Say good-bye to those famous burger commercials that really got the juices flowing.
Paris Hilton, soaped up in a bikini, washing her Bentley while eating a Spicy BBQ Burger.
Celebrity chef Padma Lakshmi dripping sauce all over herself from a Western Bacon Six Dollar Burger.
Sports Illustrated swimsuit model Kate Upton making out with a Southwest Patty Melt.
Those days are gone for hamburger chain Carl’s Jr./Hardees, which is dumping its famously sexy and controversial TV commercials for ones that focus on the meat not cheesecake.
Or, as it’s put in their new ad: “Food, not boobs.”
The 3-minute spot will debut Sunday on Cartoon Network’s Adult Swim. A 60-second version of the ad will run during the NCAA championship game on Monday.
CEO Andy Puzder, who left the company earlier this month after his unsuccessful bid to become Labor Secretary in the Trump administration, said the chain is keeping up with times.
“The old campaign got a lot of attention, got people in to see the really delicious burger," Puzder told USA Today.
But “I think we had to more directly and convincingly” talk about the quality of the food, he said.
He told Fox Business on Thursday that tastes are changing in advertising as well as food.
“You and I certainly may like the ads we’ve been running,” he told Fox’s Stuart Varney. But “young, hungry guys aren’t as affected by the racy ads with the swimsuit models because you can get a lot of that on the internet now.
“It’s not like it was 10, 12 years ago when we started this. Young guys today, the millennial young guys, are concerned with, where do you source your beef? What kind of cooking system do you have?”
The company still has its eye on its prized “hungry young guy” demographic, but upscale changes are coming.
The company’s iconic yellow star logo will lose the happy face in the middle to look less kid-like. Restaurants will be remodeled into more upscale, contemporary spaces. Employee uniforms and menus have been redesigned. A new tagline has been revealed: “Pioneers of the great American burger.”
Eater notes that the marketing shift has been a long time coming, considering that in 2015 more than half of consumers polled found the company’s ads “offensive” or “irritating.”
Those are the kind words people used to describe commercials accused of objectifying women with their soft porn-like qualities.
“We don’t have anything to be ashamed of,” Puzder told USA Today, insisting that the ads and improvements in cleanliness, food quality and service have helped saved the chain.
The new advertising campaign is designed around a pitchman, the company’s first, named Carl Hardee Sr. and played by “Nashville” star Charles Esten.

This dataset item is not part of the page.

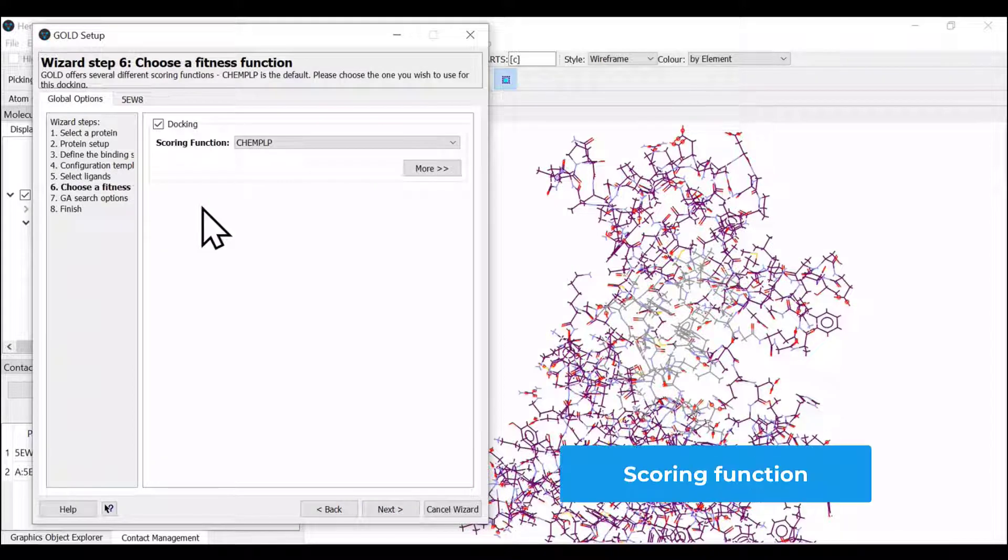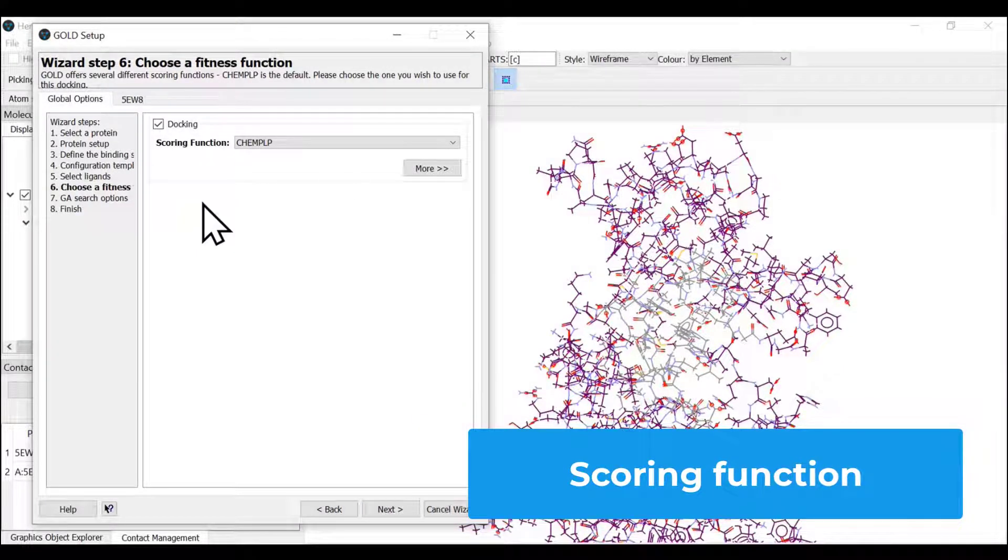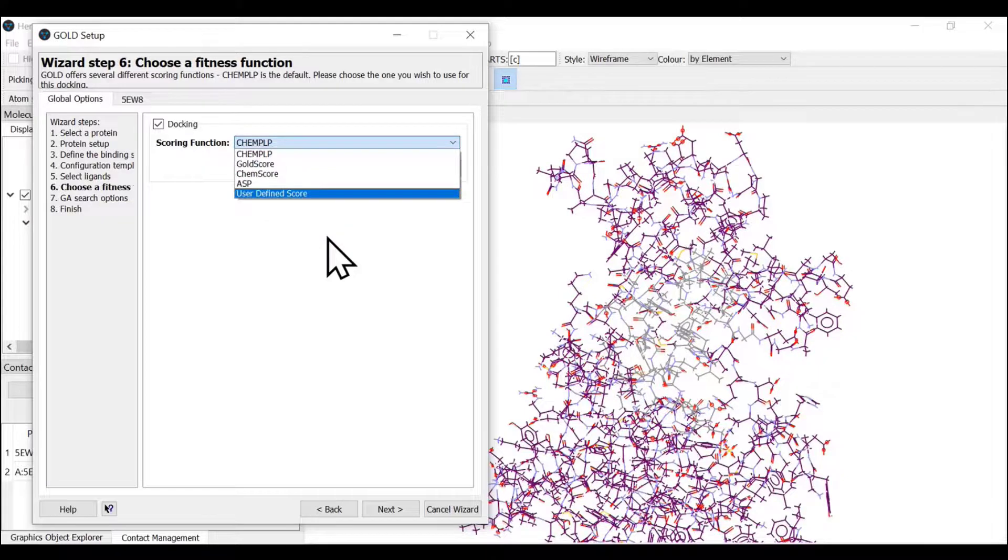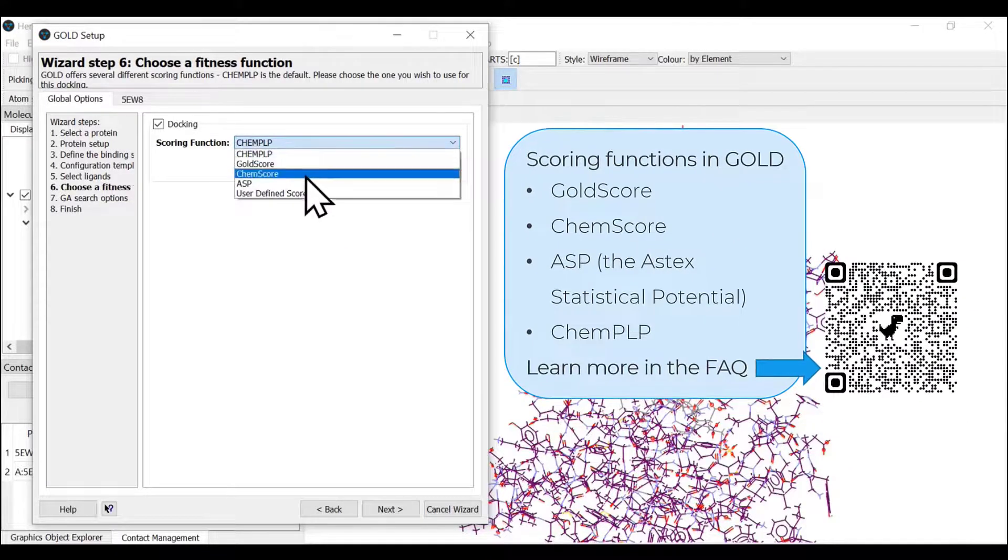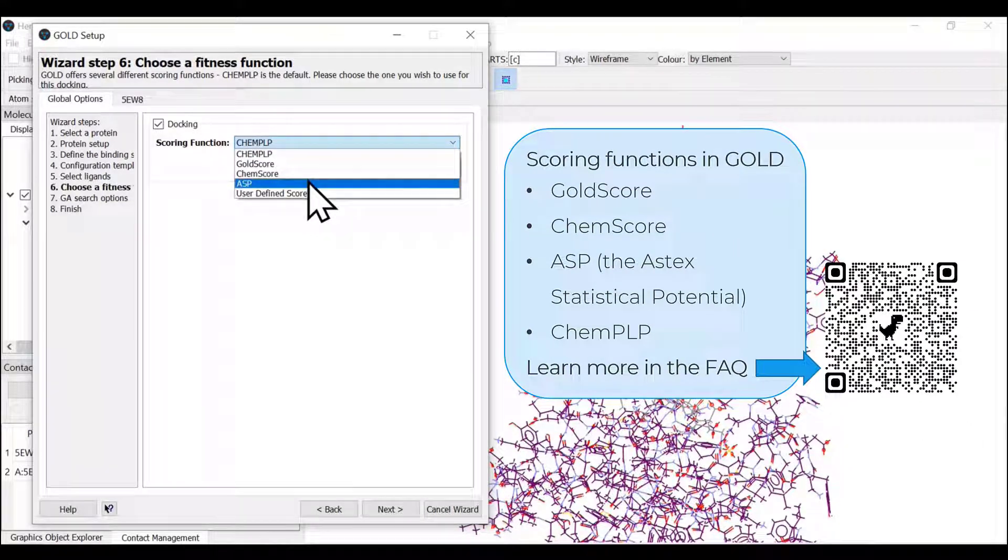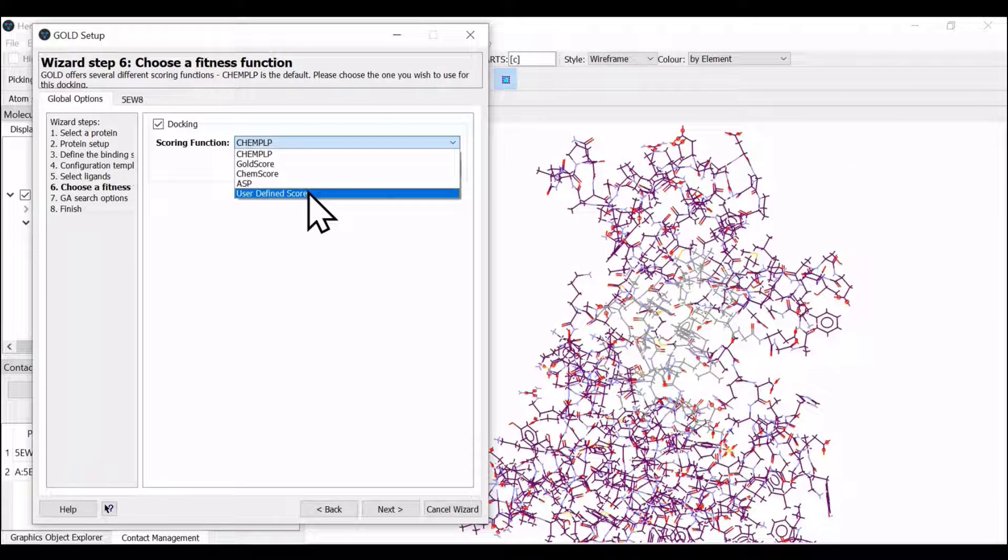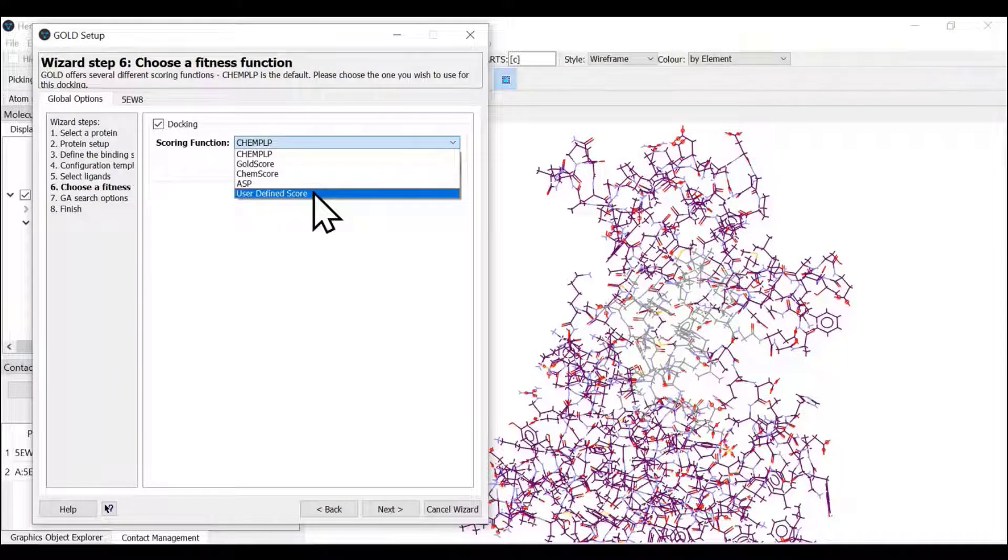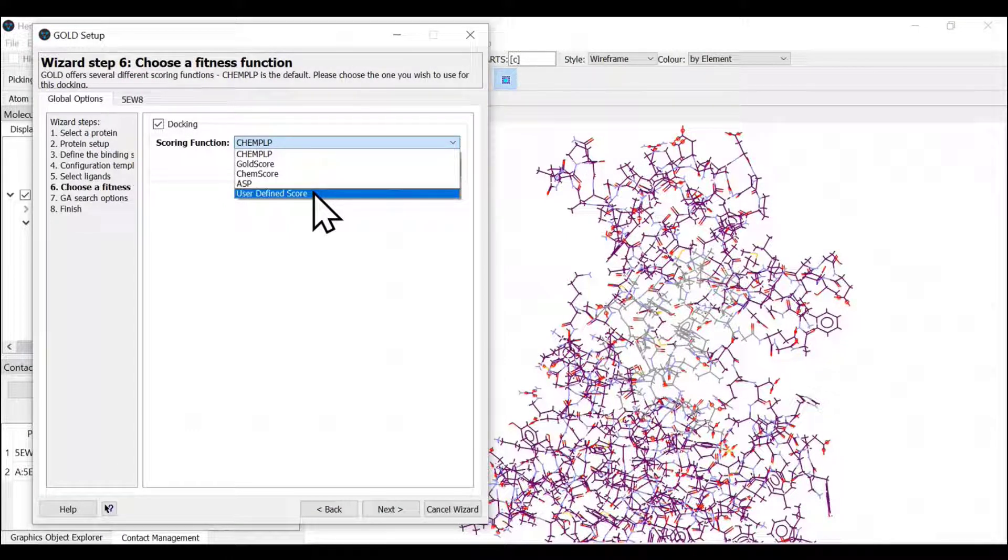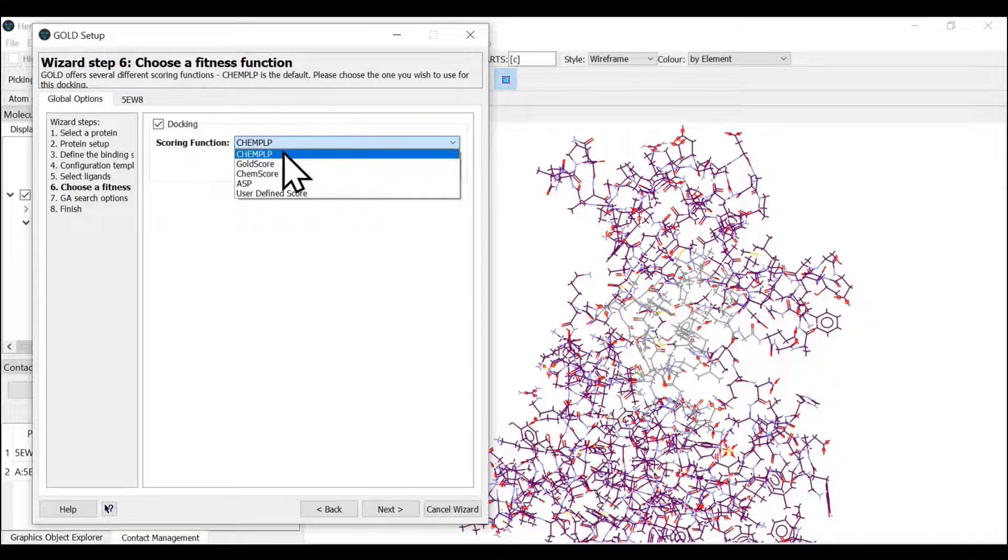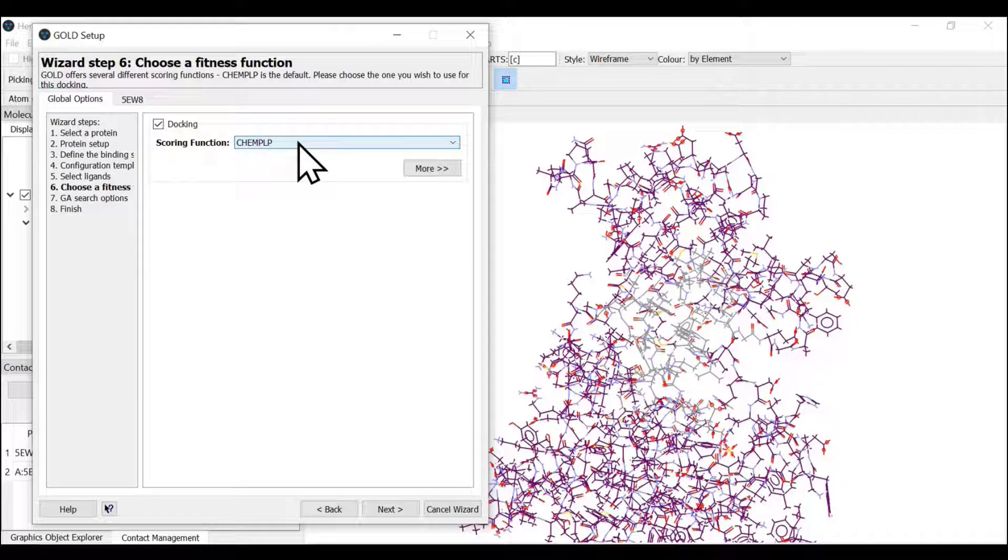A fitness function or scoring function that we wish to use today. As earlier mentioned, we have four scoring functions available with GOLD, but we also have the possibility of defining a user-specific scoring function. The default one is ChemPLP, so we're going to go with ChemPLP.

AdWeek notes the name Carl Hardee is an amalgam of the company’s founders Carl Karcher and Wilbur Hardee. The restaurants are known as Carl’s Jr. in the western United States and as Hardees in the Midwest and Southeast.
In the first of the new commercials, the company mocks itself for its provocative past as Carl Sr. takes the company back from his spoiled, testosterone-driven, millennial son, Carl Jr.

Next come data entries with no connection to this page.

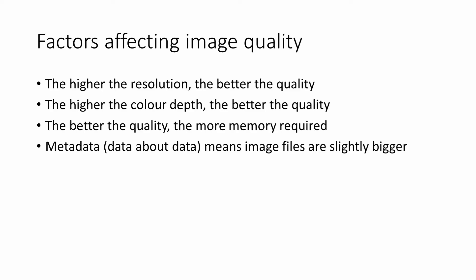All of this is data about the image data. Data about data is called metadata. It means that when you save an image file, it'll be slightly bigger than you can calculate based on the number of pixels and the color depth.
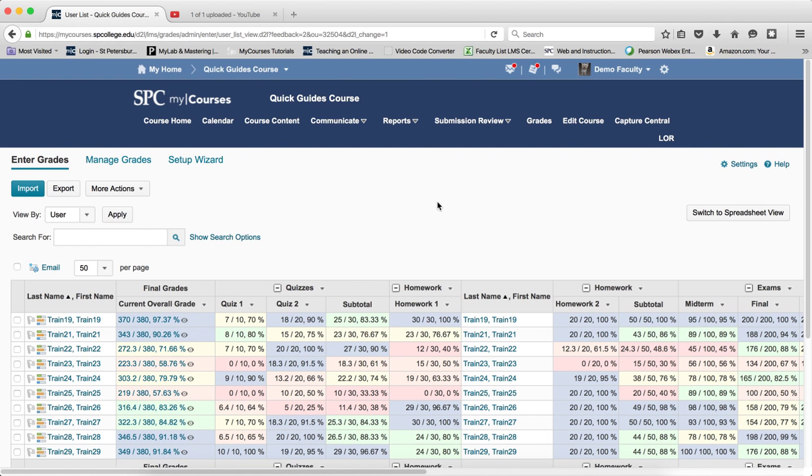One of the really nice features of my courses is the ability to track student progress and send emails directly from the gradebook.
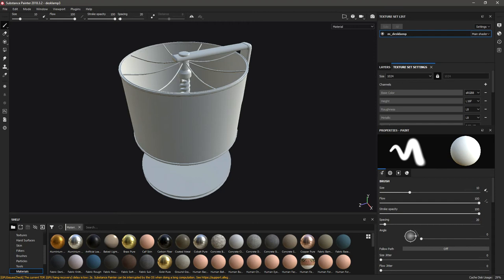But since Blender, Painter, and Unity all use MIC-T, there is no real reason to export the tangents and bitangents out of Blender, because Painter and Unity will generate them in the exact same manner anyways.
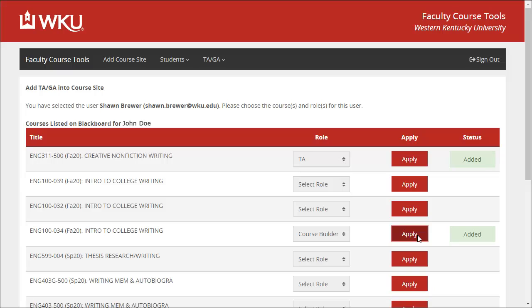The user will be added to the selected sites with the selected roles when the next update runs. For more information on when updates run, please visit the link in the description below.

Senior banishes the bikinis as he reminds Junior of the beef.
“They’ve never really gotten credit for their quality, and we want that message to land with consumers,” Jason Norcross, executive creative director and partner at 72andSunny, which created the campaign, told AdWeek. “We want to reclaim their bona fides.”
It was time for the company to evolve, said Norcross, whose company has been making ads for Carl’s Jr. and Hardee’s for eight years.
“Some of the product attributes got lost because people were too busy ogling girls,” he said.